The output should be the listing below, limited to the lines from the one with "Раковина Scarabeo TEOREMA" through the one with "Winter Snowy Village", exact and without pictures.

_TASK INPUTS:_
##############################

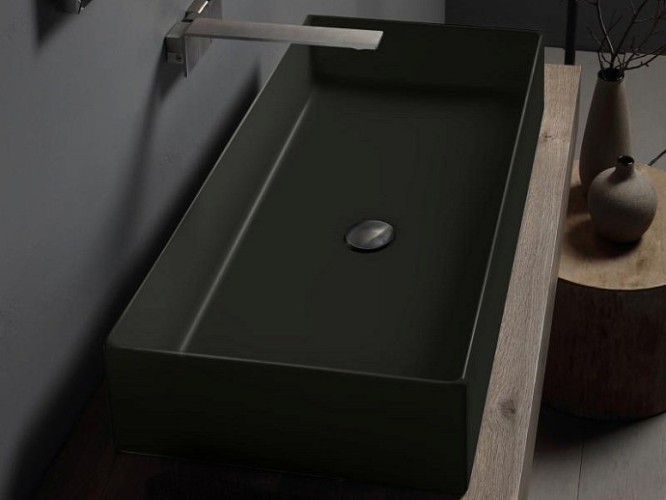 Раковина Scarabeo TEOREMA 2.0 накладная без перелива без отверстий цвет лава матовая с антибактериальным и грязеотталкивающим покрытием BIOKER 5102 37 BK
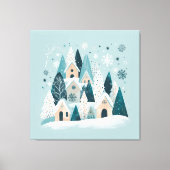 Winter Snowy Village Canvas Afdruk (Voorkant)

##############################

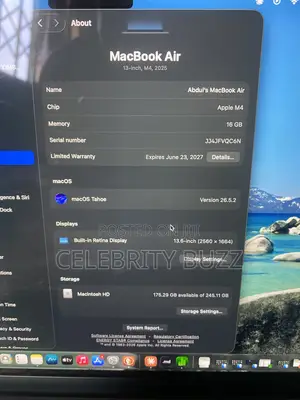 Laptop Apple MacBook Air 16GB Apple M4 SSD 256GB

##############################

_TASK ANSWER:_
 Раковина Scarabeo TEOREMA 2.0 накладная без перелива без отверстий цвет лава матовая с антибактериальным и грязеотталкивающим покрытием BIOKER 5102 37 BK
 Winter Snowy Village Canvas Afdruk (Voorkant)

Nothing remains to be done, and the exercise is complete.